◆ REQUIRED WORK
Return, exactly and in full, the lines of the records below starting at the one with "Brembo ブレンボ ブラックパッド" and ending at the one with "devil in the", and no other lines.

◆ DATA SUPPLIED
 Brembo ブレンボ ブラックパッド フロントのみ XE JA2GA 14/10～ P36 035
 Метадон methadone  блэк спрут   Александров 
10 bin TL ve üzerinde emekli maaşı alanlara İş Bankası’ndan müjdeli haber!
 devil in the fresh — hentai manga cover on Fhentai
...
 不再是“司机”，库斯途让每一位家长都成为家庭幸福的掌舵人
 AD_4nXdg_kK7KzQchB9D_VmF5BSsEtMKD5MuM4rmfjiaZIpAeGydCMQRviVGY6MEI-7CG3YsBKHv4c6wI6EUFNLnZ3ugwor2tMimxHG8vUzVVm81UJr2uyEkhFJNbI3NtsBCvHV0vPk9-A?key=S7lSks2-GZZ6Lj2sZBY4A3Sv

◆ WRITTEN SOLUTION
 Brembo ブレンボ ブラックパッド フロントのみ XE JA2GA 14/10～ P36 035
 Метадон methadone  блэк спрут   Александров 
10 bin TL ve üzerinde emekli maaşı alanlara İş Bankası’ndan müjdeli haber!
 devil in the fresh — hentai manga cover on Fhentai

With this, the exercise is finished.